Teaching Kids Again…

cfbc_kids_sm1.jpgAfter my first experience teaching kids in a group, I was more than hesitant to agree to teach another group. But this one promised to be a one-time deal. They were mainly pre-teens and younger teenager (downside) but the proposition was to teach six different groups of kids in a summer camp for an hour each without a repeat performance (upside). Knowing that I’d have some guidance from the teacher organizing the whole shebang, and would be helping her out to boot as the native speaker teacher she’d arranged had bailed out, I agreed.

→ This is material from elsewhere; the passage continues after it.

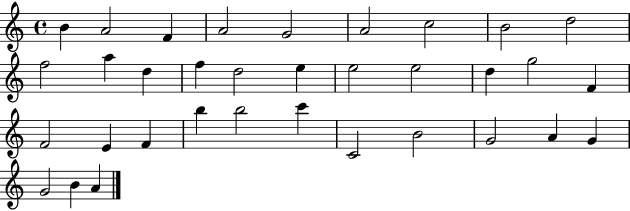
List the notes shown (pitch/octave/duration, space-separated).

B4/q A4/h F4/q A4/h G4/h A4/h C5/h B4/h D5/h F5/h A5/q D5/q F5/q D5/h E5/q E5/h E5/h D5/q G5/h F4/q F4/h E4/q F4/q B5/q B5/h C6/q C4/h B4/h G4/h A4/q G4/q G4/h B4/q A4/q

The scariest part was when I got about five minutes notice that I would be addressing an auditorium full of the 100+ children and their parents. I spoke for probably less than a minute in English, sat down, and then watched as the organizer struggled to translate my address – she later told me she hadn’t even been listening.

I ended up playing the game of Alibi with four of the groups, and doing a “imagine you are a typical American teenager” roleplay with the other two. I checked in advance with their main teachers about level and appropriateness, and they agreed that these would be fine. The Alibi groups started out with some vocabulary brainstorming – and some had just finished a lesson on teenage gangs so were full of crime words like arson, mug and ditch class. They all enjoyed it when I hammed it up and acted skeptical when the “suspects” offered explanations for diverging stories. We summed things up with a discussion about how life as a teenager in their country compared to life as a teenager in the US.

The roleplays with the lower levels were nothing remarkable – I gave them my answers first and elicited the questions, then had them answer questions in pairs as if they were American teenagers…receiving 100$ allowances and attending classes for two hours a day, driving to school in their own Ferraris…but they enjoyed “being” someone else.